Colleges educate. Corporations train. Never the twain shall meet. This is how we manage our corporate investments in training and development. It’s a simple formula, but one fraught with pitfalls in the 21st century global economy.
This basic belief drives behavior in colleges and corporations. Corporate leaders expect the college graduates they hire to come fully equipped with the problem-solving skills the company needs: critical thinking, communication, writing, collaboration and innovation. Surveys of senior corporate leaders clearly define what is expected. This same list also defines complaints from corporate leaders about what colleges are doing wrong.
The current talent strategy is to recruit from the best colleges to increase the likelihood that new hires possess desired capabilities. The doors of these elite colleges are jammed with corporate recruiters, all seeking the same graduates.
Once hired, these highly recruited college graduates are placed in work situations where they are expected to grow, and this is not an unreasonable expectation. The U.S. Department of Labor estimates about 70 percent of learning during a lifetime is the result of experience, not formal training. The current fad is to label this informal learning. Exuberance over this discovery is palpable. Learning through experience has always been a mission in corporations. What is new is the title.
In education the learner learns in a space without rigid boundaries. The learner is encouraged to be creative and exploratory in his or her thinking — to think outside of the box. Once that person is an employee, the strategy is to allow the wonders of informal learning to take place. For specific skills the corporation invests in training.
Before you jump on this generalization with your counter-argument that some professors are narrow-minded control freaks, let me assure you I agree. I had some classes that were mind-numbingly boring. These types of professors often relish in the dogma they pontificate. The good ones challenge their students to grow and expand their horizons. We are exploring the ideal college experience here.
The last thing we want in training is free thinking and creativity. The essence of training is to learn how to do a specific task. With training, the intellectual creativity and innovation has been done by a third-party vendor, not by the learner. The biggest occurrence of this in our organizations is the deployment of software solutions. The essence of software is that it is a rich, structured foundation of logical, left brain-derived decision rules that accomplish complex, logical operations that produce a useful result.
In the case of software, the developer is the one who has done the creative, innovative work, not the trainee. Again, this is a generalization. Increasingly the power of software solutions is their ability to address the need to tap the user’s creativity and experience. Excel spreadsheets have complexity and flexibility beyond comprehension. However, in the end, the decisions the learner needs to make are constrained by the software’s logical constructs and decision rules.

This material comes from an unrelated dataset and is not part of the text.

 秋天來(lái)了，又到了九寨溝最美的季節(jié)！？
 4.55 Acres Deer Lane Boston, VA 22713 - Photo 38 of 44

This brings to the fore some key distinctions between education and training. Simply put, good education challenges the learner to explore all options, to be creative and innovative, to learn without boundaries. Good training helps the learner learn how to understand the rules and makeup of an externally developed structure. In software, the decision rules, creativity and critical thinking are captured in a rigid form. Learners are trained to apply that intellectual capacity to their particular problem or decision.
Good education helps learners learn how to push the boundaries, reconfigure the intellectual architecture of a problem and think critically.
To serve learning leaders’ goal to develop greater innovation and critical thinking, more of what occurs in education needs to take place after the employee has been hired. This means the corporation requires greater investment in employee development, what we historically have labeled as education.